Varieties of contextuality based on probability and structural nonembeddability
Karl Svozil

TL;DR
This paper explores different types of contextuality in quantum mechanics, distinguishing probabilistic from strong forms using mathematical theorems, and relates them to classical and nonclassical models.
Contribution
It provides a unified framework to differentiate probabilistic and strong contextuality using probability theory and structural nonembeddability, based on Kochen-Specker's Theorem.
Findings
Probabilistic contextuality allows classical models with nonclassical probabilities.
Strong contextuality characterizes quantum observables with no Boolean algebra embedding.
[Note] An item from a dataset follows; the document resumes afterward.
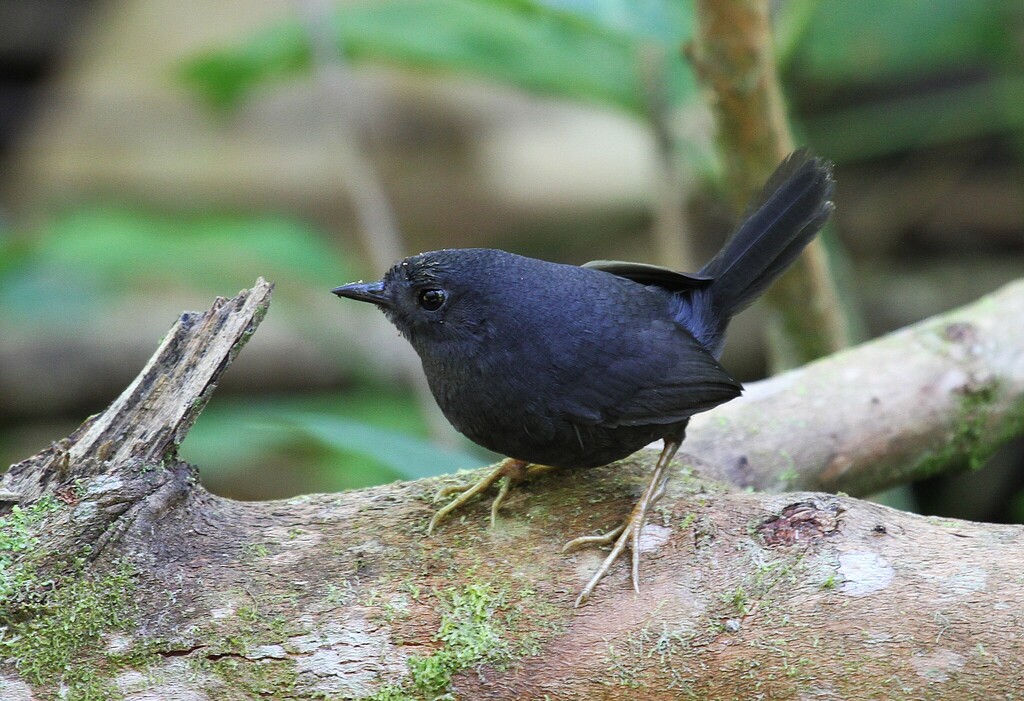 Mouse-colored Tapaculo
Kochen-Specker's Theorem serves as a criterion to distinguish the two forms.
Abstract
Different analytic notions of contextuality fall into two major groups: probabilistic and strong notions of contextuality. Kochen and Specker's Theorem~0 is a demarcation criterion for differentiating between those groups. Whereas probabilistic contextuality still allows classical models, albeit with nonclassical probabilities, the logico-algebraic "strong" form of contextuality characterizes collections of quantum observables that have no faithfully embedding into (extended) Boolean algebras. Both forms indicate a classical in- or under-determination that can be termed "value indefinite" and formalized by partial functions of theoretical computer sciences.